Ballard Branch of The Seattle Public Library wins national design award from American Institute of Architects
The Ballard Branch of The Seattle Public Library is a 2006 recipient of the American Institute of Architects' Honor Awards, a prestigious national award that recognizes design excellence.
The innovative building, which also houses the Ballard Neighborhood Service Center, was designed by Seattle architects Bohlin Cywinski Jackson to be environmentally friendly and take advantage of natural light.
The branch has a "green roof" planted with 18,000 low-water-use plants, rooftop solar panels, "notch and tab" furniture designed by the architects to slide together to reduce waste, and artwork created by scientific devices that measure the wind, rain and sun.

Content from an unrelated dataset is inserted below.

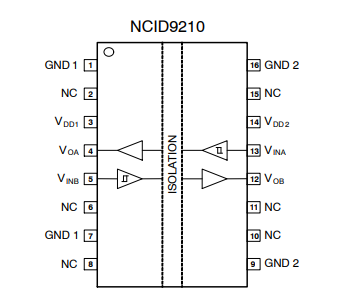 出售（onsemi）NCID9210R2高速、雙通道、雙向陶瓷數(shù)字隔離器 16-SOIC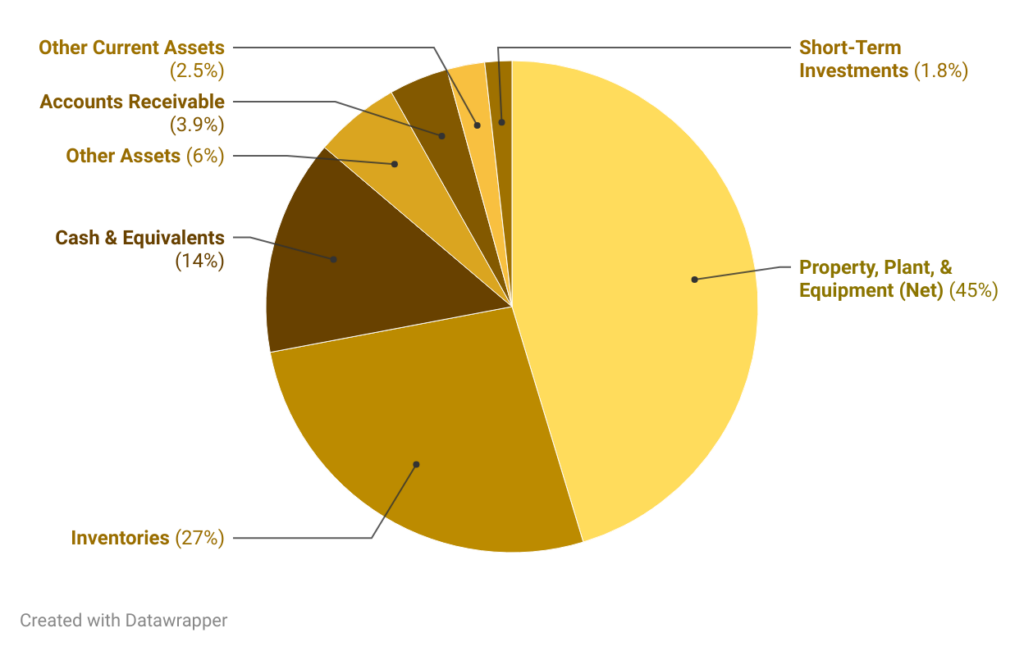 Costco Cost Assets Fy2024 | Stablebread Pie Chart Illustrating Asset Distribution: Property, Plant, &Amp; Equipment (45%), Inventories (27%), Cash &Amp; Equivalents (14%), Other Assets (6%), Accounts Receivable (4%), Other Current Assets (2.5%), Short-Term Investments (1.8%). Learn How To Effectively Read And Analyze A Balance Sheet For Better Insights.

The branch, located at 5614 22nd Ave. N.W., opened to the public May 14, 2005. Trained docents lead a tour of the building at 10:30 a.m. Saturdays.
AIA jurors selected 11 award winners from among 400 entries, according to Architecture Jury Chairman Robert E. Hull from The Miller/Hull Partnership in Seattle.
"In our deliberations and site visits there was the realization of the special qualities, vitality, and importance that great architecture brings to our society," Hull said.
The Ballard Branch is the second Library project to win a national Honor Award from the AIA. Last year, the AIA commended the Central Library for its design excellence. "We're incredibly excited that the AIA has recognized two of our projects," said Deborah L. Jacobs, city librarian. "It's an honor to have one project selected, but it's rare to have two award-winners in the same building program."
The award will be presented to the Library in June at the AIA 2006 National Convention and Design Exposition in Los Angeles.